Up until now I've argued somewhat stubbornly that the fate of the US dollar is to slide down, down, down as the reality of the current mess sets in.

However, yesterday while reading Elaine Supkis I had an epiphany. I'm going to have to eat all my previous words.

Japan built up the worlds biggest currency reserve by feverishly printing yen and buying dollars to hold down the value of it's currency so it could run a trade surplus with the USA.

China followed the same game plan and has been resisting pressure to let the yuan appreciate.

As the Euro has risen against the dollar, both nations have been intervening to keep their currencies weak.

Well, it looks like that will be the gameplan for everyone going forward. The Chinese, Japanese, Germans - everyone wants a cheap currency so they can keep exporting to the US. The Germans have been holding back for fear of inflation, but it looks like they've reached the point where they can't take any more Euro appreciation.

So it's time to pull together and tie all currencies to the plunging dollar, so it has nothing left to fall against. As long as the Chinese, Japanese and Europeans are prepared to print more money and buy more dollars, they can ensure that all currencies sink at the same rate and exchange rates don't change.

The resulting global inflation will probably lead to a few million people dying of starvation,
but for the Fed it's a get-out-of-jail-free card. Doesn't matter how irresponsible they are, how much they expand their balance sheet with money borrowed from Treasury, doesn't matter if Congress approves a trillion dollar operating deficit and another 3 trillion to shore up Fannie Mae, there's no piper to pay as the all the major players will keep buying dollars so they can keep exporting to the USA.

"Currency losses" aren't an issue because they are buying greenbacks with funny money anyway. It's strategic - they aren't finished canabalising our industrial base yet.

Stoneleigh said...

While I do think we'll eventually see an end to the era of floating exchange rates, and a return to beggar-thy-neighbour devaluations, I don't think we're there yet. Currency manipulations won't manage to spark inflation though, due to the truly staggering amount of credit destruction we are facing. Simply put, credit implosion is a deflationary juggernaut following the inflationary credit boom we have just lived through. For the time being, credit inflation is our past and credit deflation is our future.

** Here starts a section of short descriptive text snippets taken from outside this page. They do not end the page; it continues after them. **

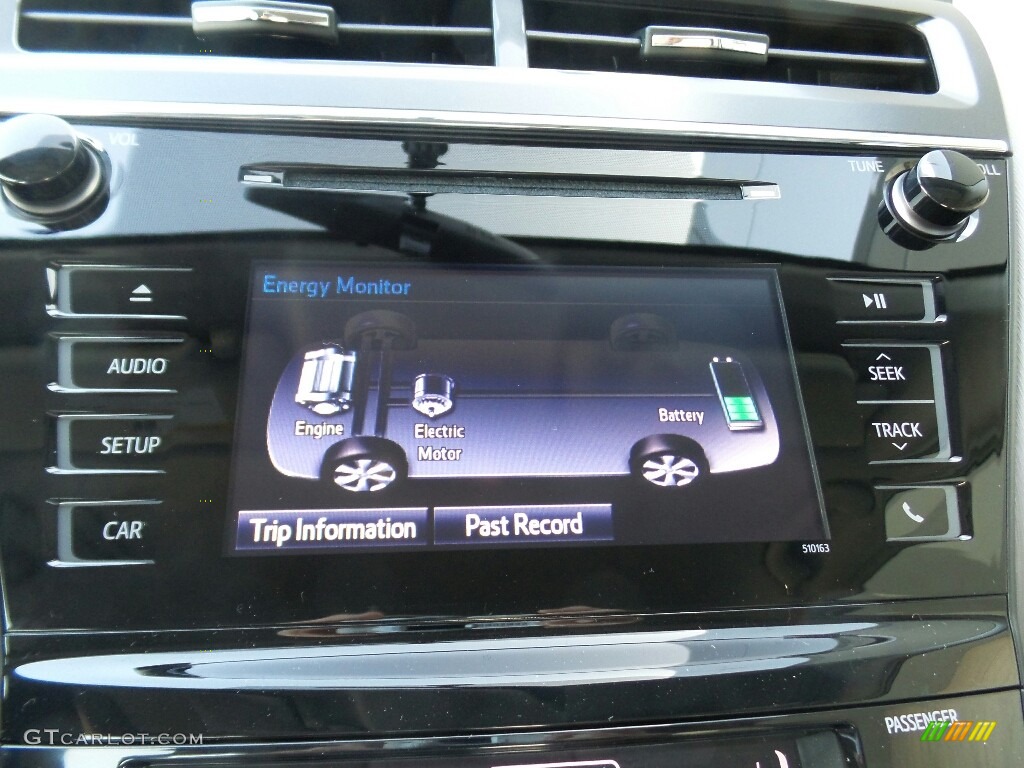 2017 Prius v Two - Classic Silver Metallic / Black photo #18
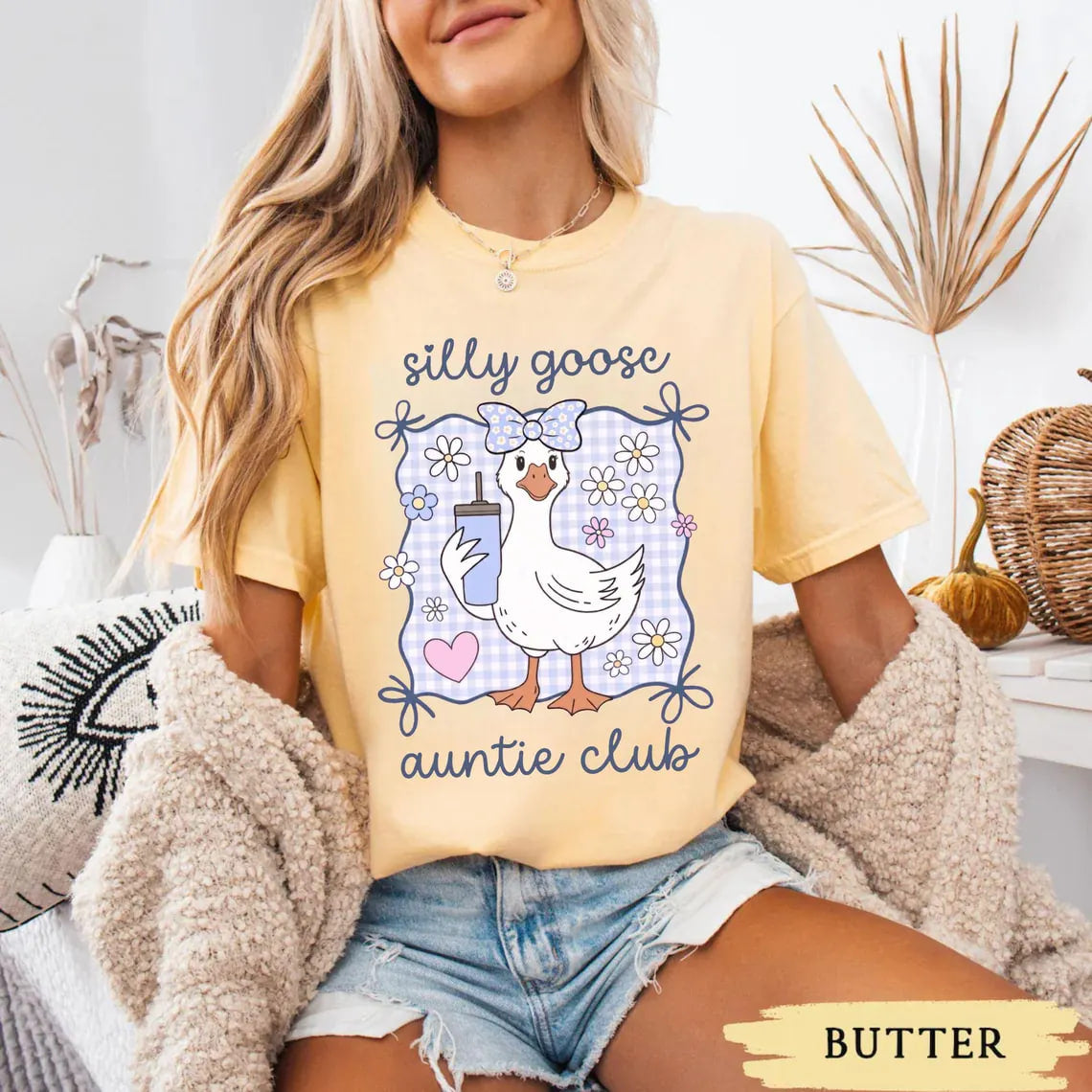 Comfort Colors® Cute Aunt Shirt, Silly Goose Auntie Shirt, New Aunt Gift, Pregnancy Announcement for Sister, Future Aunt Tee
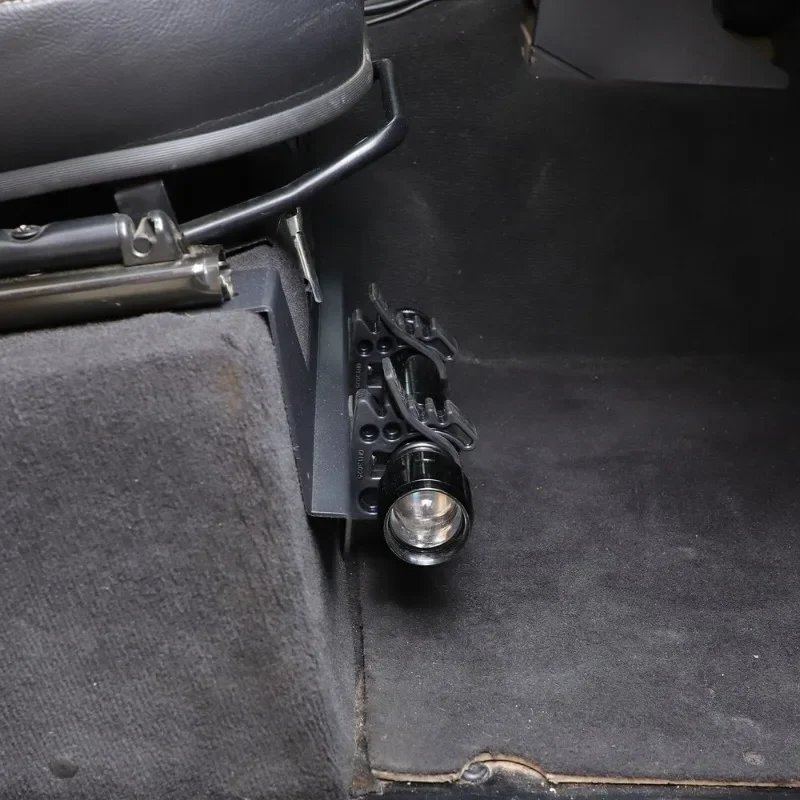 Car Accessories Under 1000 - Soporte para linterna debajo del asiento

I think the dollar is in the early stages of a significant rally, with a concommittant fall in the euro. Anti-dollar sentiment has reached historic extremes, which is a set-up asking for a spike fueled by short-covering. A strongly held consensus is a good contrarian indicator.

Stoneleigh said...

We are starting to see an emerging mainstream consensus that the worst of the credit crunch is over. This is a good contrarian signal that the rally is probably over (or at least nearly so).

The next phase of the decline should begin soon, if it hasn't begun already.